モーツァルトとクラリネットと言えば、最晩年に書いたクラリネット五重奏曲とクラリネット協奏曲の二大名曲が頭に浮かぶ。アントン・シュタードラーというクラリネットの名人がいて、その音色に惚れ込んだモーツァルトが彼のために書いたという。それまで、モーツァルトとクラリネットは縁遠かったイメージ。例えば、あのジュピター交響曲にクラリネットのパートはない。クラリネットは新しい楽器で、この頃ようやく実用化されたものだからなぁ、と思っていた。
だが、少し、その登場時期を早める必要がありそうだ。
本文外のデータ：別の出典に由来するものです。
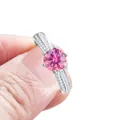 Ring aus S925 Sterlingsilber mit rundem rosa Moissanit-Edelstein und kleinen Diamanten - Größe 5 / Doppelreihiger Rosa Strass Stil (22-8-R-3CT)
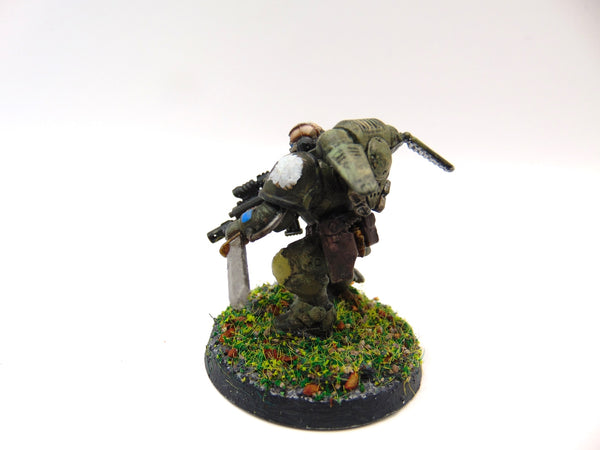 Primaris Lieutenant in Phobos Armour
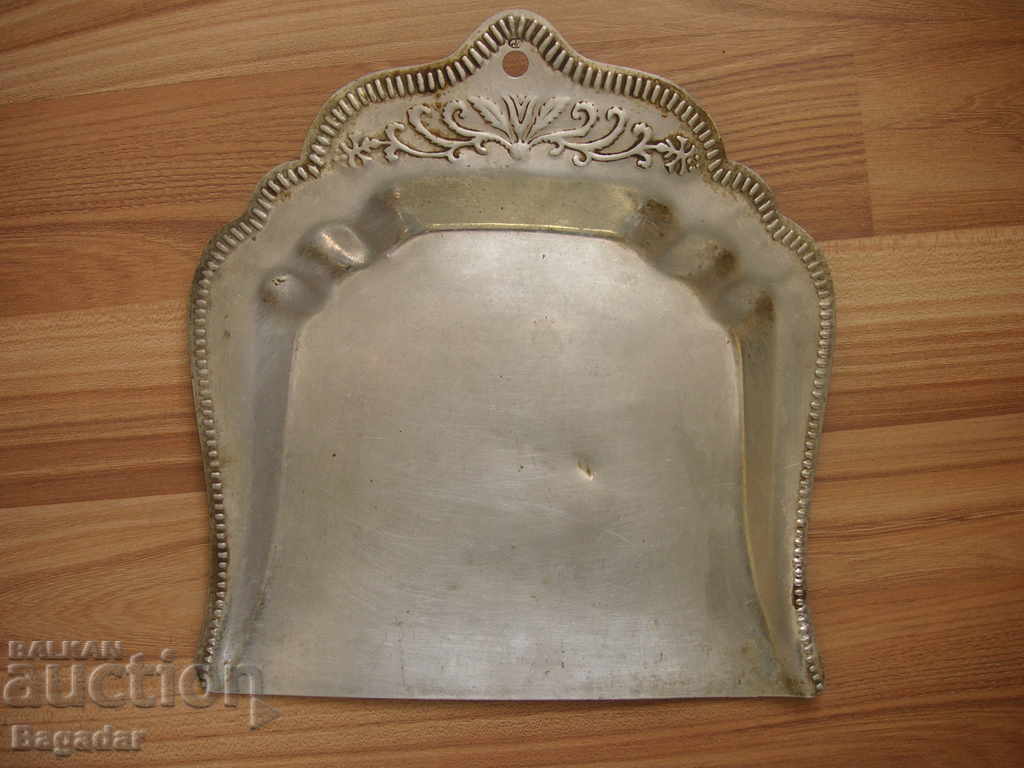 Old royal cleaning shovel with marking - 5 Old royal cleaning shovel with marking - 5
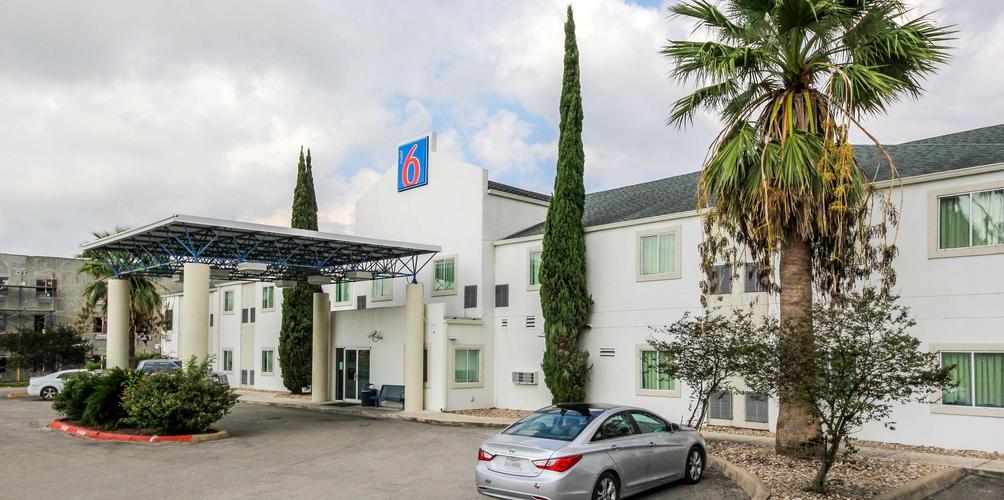 Motel 6 New Braunfels $56 ($̶1̶0̶7̶). New Braunfels Hotel Deals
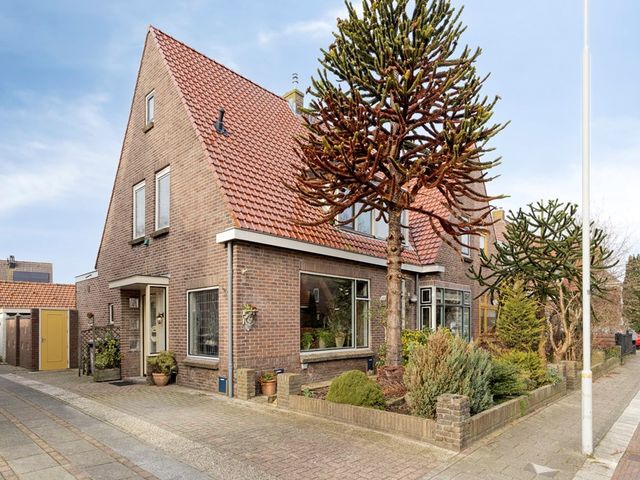 Oude Haarlemmerweg 33, Castricum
というのも、例によってレーザーディスクのダビングをしていて、直近ではモーツァルトのダ・ポンテ三部作(「フィガロの結婚」「ドン・ジョヴァンニ」「コシ・ファン・トゥッテ」)を聴いたのだが、たしかに、「フィガロの結婚」のスコアにクラリネットのパートはあることはあるのだが、ほんのちょびっとであり(それでも、そのほんのちょびっとの中に、あの有名なケルビーノの「恋とはどんなものかしら」や伯爵夫人のアリアが入っているのだからモーツァルトの楽器を見る目をさすがである)、オーボエの活躍には遠く及ばない。例えば、第4幕のスザンナのアリアで歌に先立ってメロディーを奏でるのはオーボエである。
ところが、「ドン・ジョヴァンニ」と「コシ・ファン・トゥッテ」では一転クラリネットが大活躍である。多くのアリアで歌とからむのはクラリネットである。「フィガロ」と「ドン・ジョヴァンニ」の間に何かがあったのだろうか?そこで年代を調べてみた。するとこうである。
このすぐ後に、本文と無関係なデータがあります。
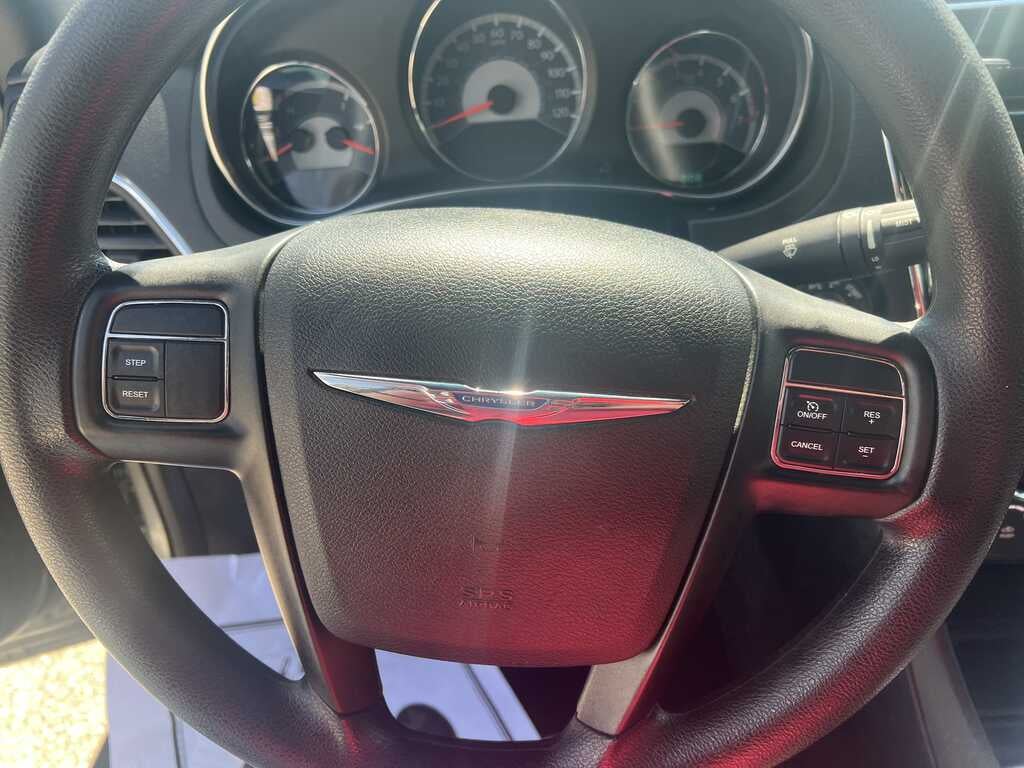 2013 Chrysler 200 LX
1779年 シュタードラーがウィーン宮廷楽団と契約。
この間、モーツァルトとシュタードラーが仲良しになる。
1786年 モーツァルトの「フィガロの結婚」がウィーンで初演される。
1787年 シュタードラーがウィーン宮廷楽団に正式に入団する。
1787年 モーツァルトの「ドン・ジョヴァンニ」がプラハで初演される。
1788年 モーツァルトの「ドン・ジョヴァンニ」のウィーン初演が皇帝の要望にょり宮廷劇場で行われる。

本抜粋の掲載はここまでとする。